Tony Blair was always the master of the non-apology. After the disaster of the Iraq War, he tried to get himself off the hook with this tortuous formulation -
"I can apologise for the information being wrong but I can never apologise, sincerely at least, for removing Saddam."
So he wasn't apologising for something that no-one had asked him to apologise for, and while he 'could' apologise for the Dodgy Dossier, it was by no means clear that he was actually doing so. The cynicism of that statement popped into my head again yesterday when I saw Mike Smithson's non-apology for his propaganda letters to voters, because it was very much in the same mould.
"As is widely known I have been a member of the Lib Dems since its foundation and make no apologies for seeking to help the party during elections."
That's absolutely fine, but according to Wikipedia the Liberal Democrats currently have 120,845 members.
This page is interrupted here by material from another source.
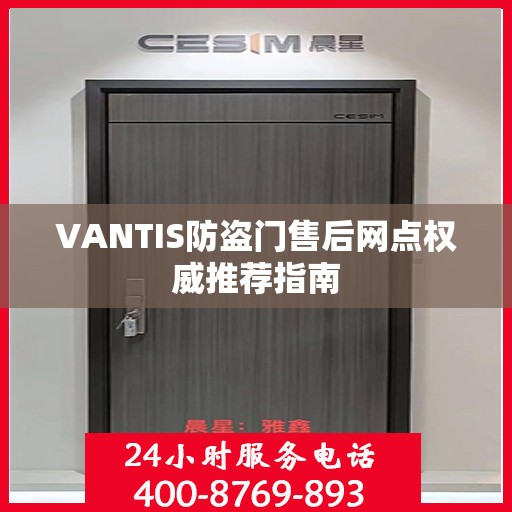 VANTIS防盗门售后网点权威推荐指南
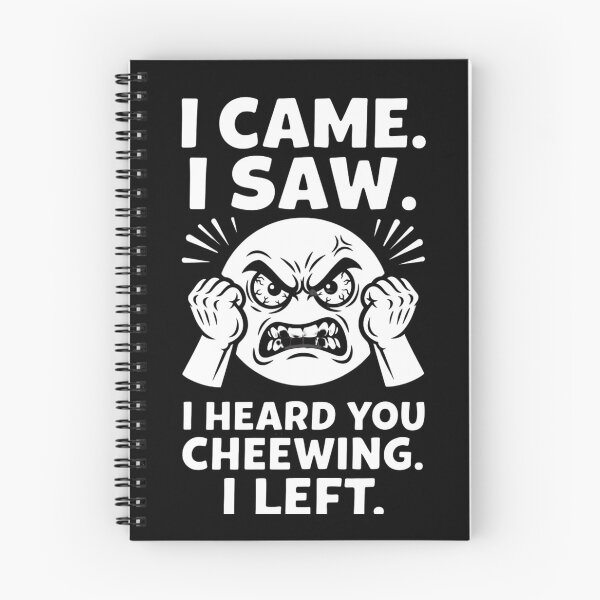 Item preview, I Came I Saw I Heard You Chewing I Left 4 designed and sold by Positive&FunnyThings.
The other 120,844 somehow manage to "help the party during elections" without conning voters into thinking they are an "impartial election expert" offering objective advice about tactical voting options. That's what people think Smithson should apologise for, not for doing a bit of honest canvassing.
But once the decoy non-apology was out of the way, we then got a fascinating clue as to what has really been going on.
"I should explain that while I approved the text of the letters I did not have a prior view of the list of constituencies they were going to. This was unlike GE2017 when a similar exercise was carried out with me approving every single seat on the constituency list...The party has given me assurances about the future."
In other words, he did not write the letters himself, and although he "approved" the text, he allowed the Lib Dems to choose which seats the advice would be used in. That makes the whole "election expert" thing a nonsense, because unless advice to "tactically vote Lib Dem to stop Labour" is carefully matched to correct constituencies by the "expert" on the basis of voting and polling trends, it might as well just be random noise - or, more accurately, propaganda.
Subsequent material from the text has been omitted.